MATERIAL FOR THIS EXERCISE:

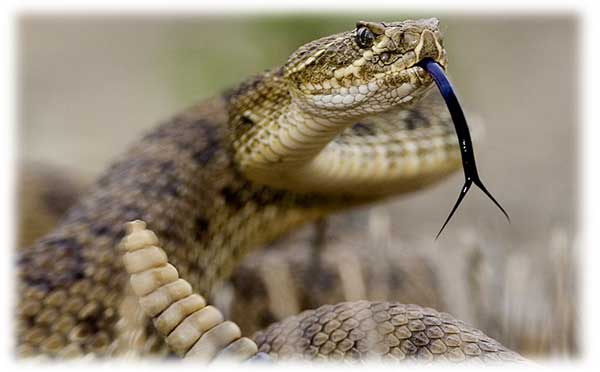 Rattlesnake.jpg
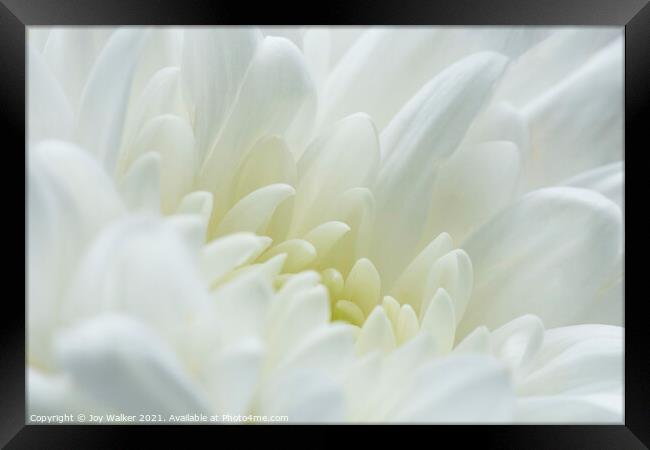A white chrysanthemum  Framed Print by Joy Walker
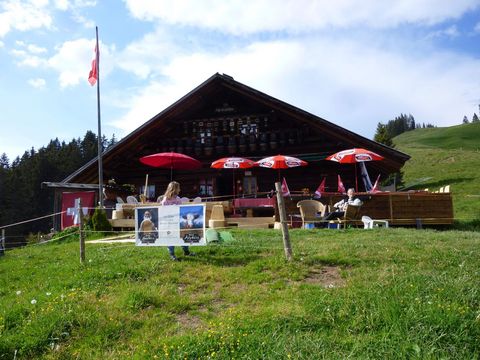 Alphütte auf der Alp Heubühlen im Sommer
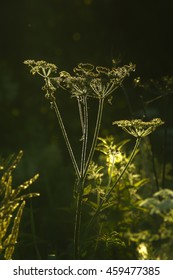 Wildflowers In Backlit Showing A Aura Of Silver Hairs, Cow Parsnip, Eltrot (Heracleum Sphondylium)
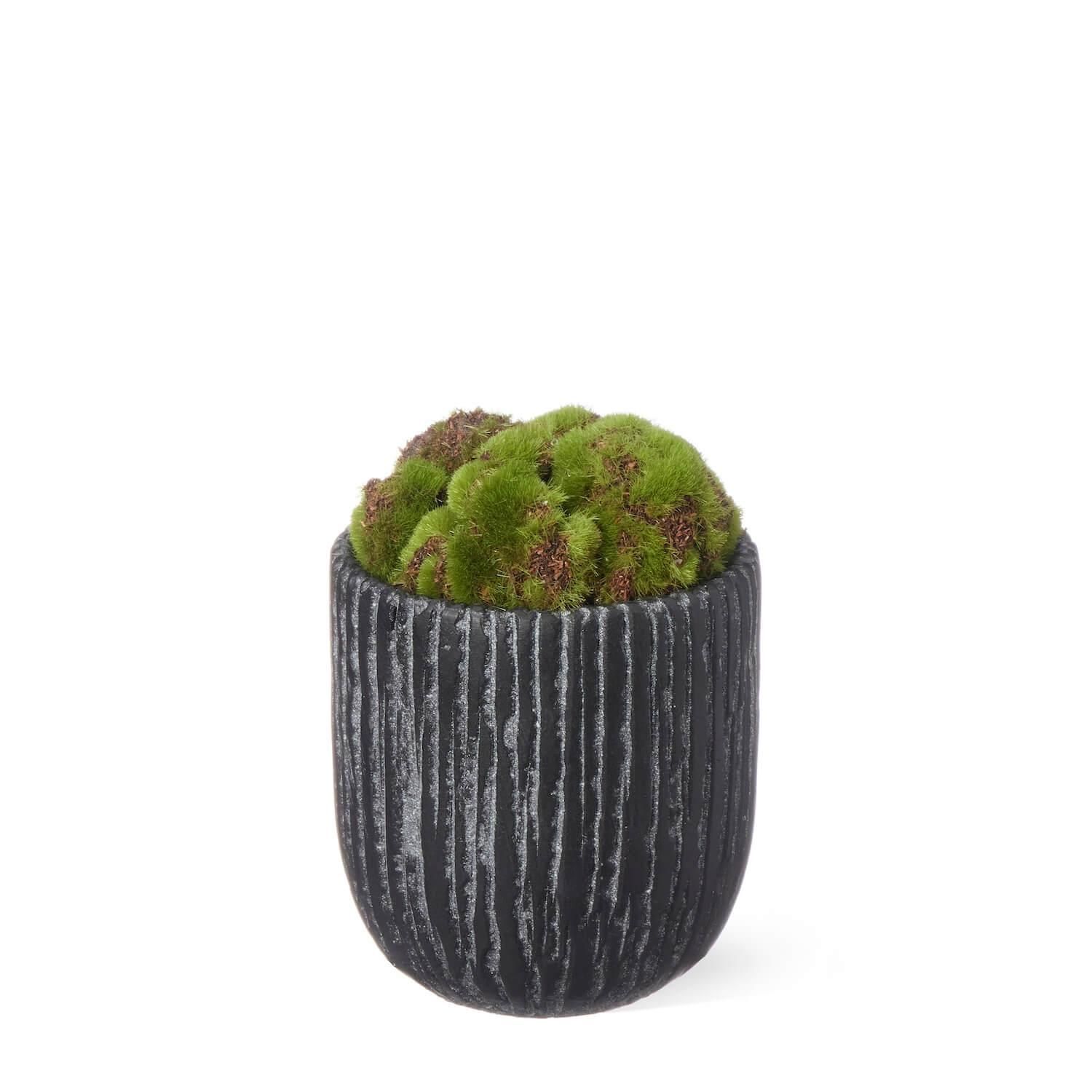 50%OFF Ÿ ʸ¤  ޿졦S ڥ CUPBON ߺ ե꡼<img class='new_mark_img2' src='https://img.shop-pro.jp/img/new/icons2.gif' style='border:none;display:inline;margin:0px;padding:0px;width:auto;' />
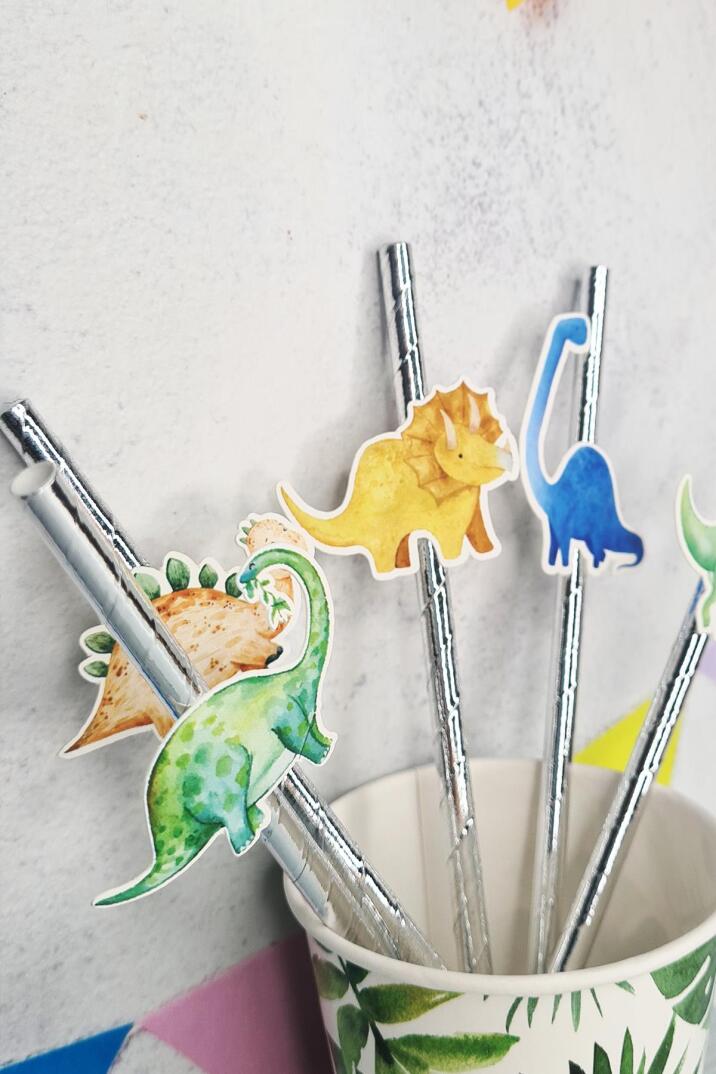 Dinozor Konsept Pipet Süsleri 10lu Lüks Pipet Paketi - 3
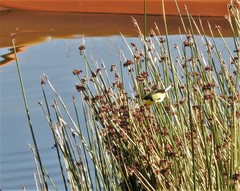 Tachuris rubrigastra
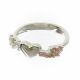 Anillo Super Livianos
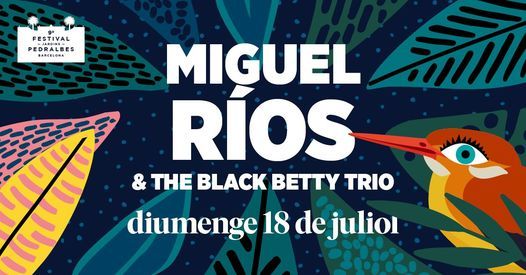Miguel R\u00edos & The Black Betty Trio - Festival Jardins Pedralbes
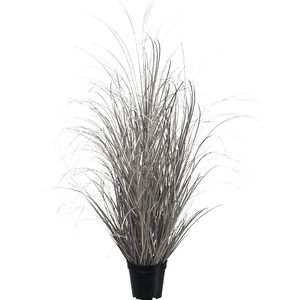 Gras in pot, totale hoogte 930 mm, champagne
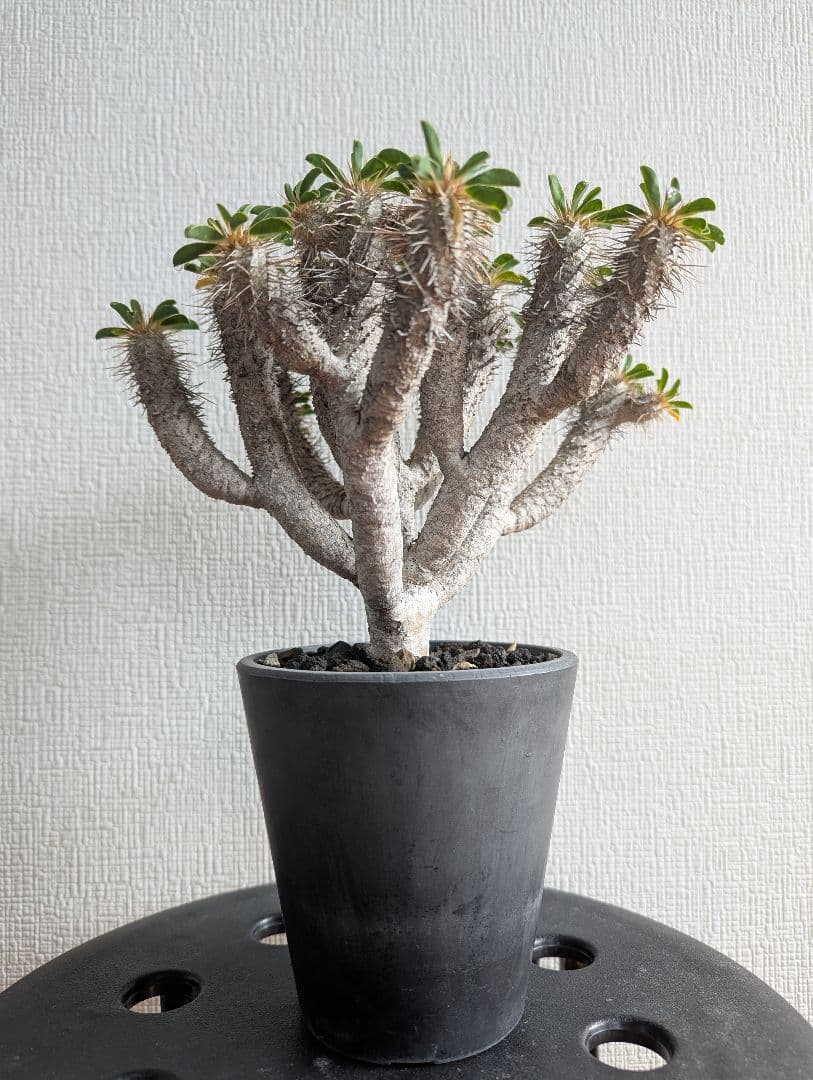 ユーフォルビア　ギラウミニアナ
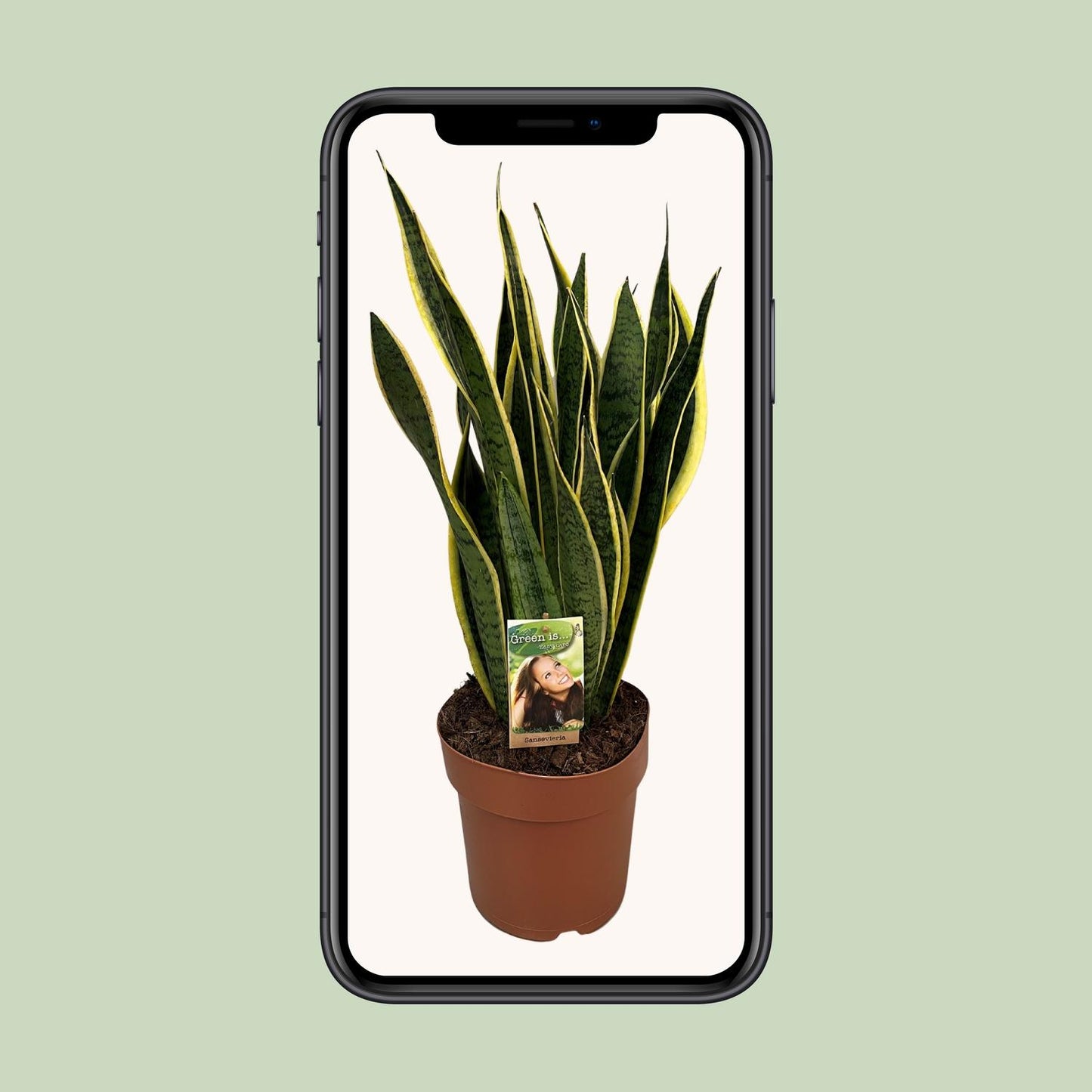 Sansevieria Trifasciata Laurentii - Ø21cm - ↕60cm
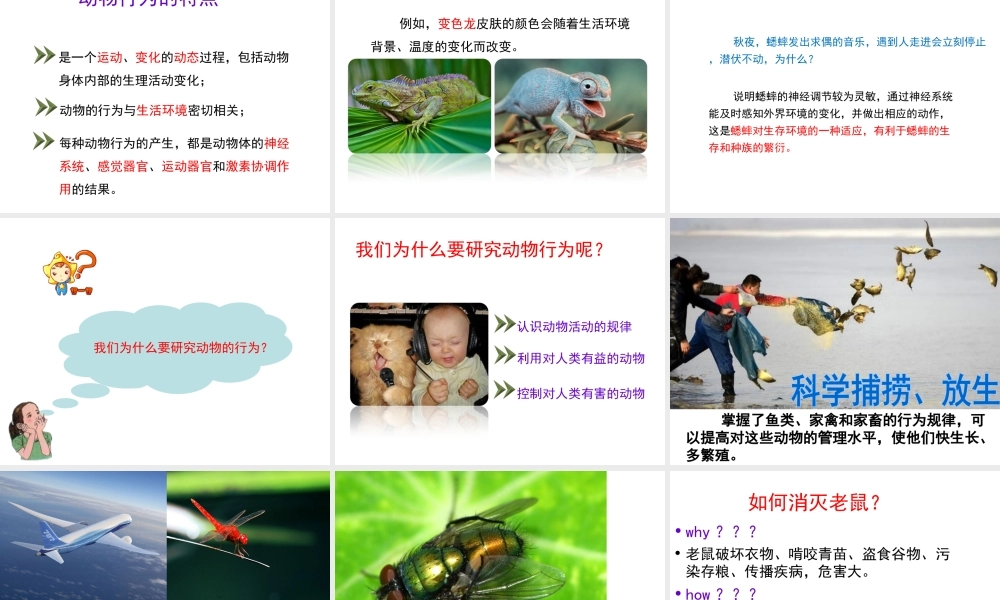 八年级生物上册 第4单元 第2章 第1节 运动行为的特点课件 （新版）冀教版-（新版）冀教版初中八年级上册生物课件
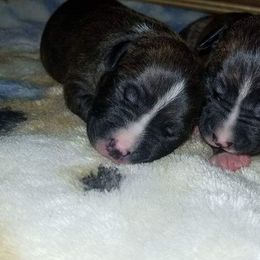 American Pit Bull Terrier Puppies from Kaotic APBTs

WHAT TO DO: Leaving the pictures out, give back each line above exactly.

YOUR SOLUTION:
 Rattlesnake.jpg
A white chrysanthemum  Framed Print by Joy Walker
 Alphütte auf der Alp Heubühlen im Sommer
 Wildflowers In Backlit Showing A Aura Of Silver Hairs, Cow Parsnip, Eltrot (Heracleum Sphondylium)
 50%OFF Ÿ ʸ¤  ޿졦S ڥ CUPBON ߺ ե꡼<img class='new_mark_img2' src='https://img.shop-pro.jp/img/new/icons2.gif' style='border:none;display:inline;margin:0px;padding:0px;width:auto;' />
 Dinozor Konsept Pipet Süsleri 10lu Lüks Pipet Paketi - 3
 Tachuris rubrigastra
 Anillo Super Livianos
Miguel R\u00edos & The Black Betty Trio - Festival Jardins Pedralbes
 Gras in pot, totale hoogte 930 mm, champagne
 ユーフォルビア　ギラウミニアナ
 Sansevieria Trifasciata Laurentii - Ø21cm - ↕60cm
 八年级生物上册 第4单元 第2章 第1节 运动行为的特点课件 （新版）冀教版-（新版）冀教版初中八年级上册生物课件
 American Pit Bull Terrier Puppies from Kaotic APBTs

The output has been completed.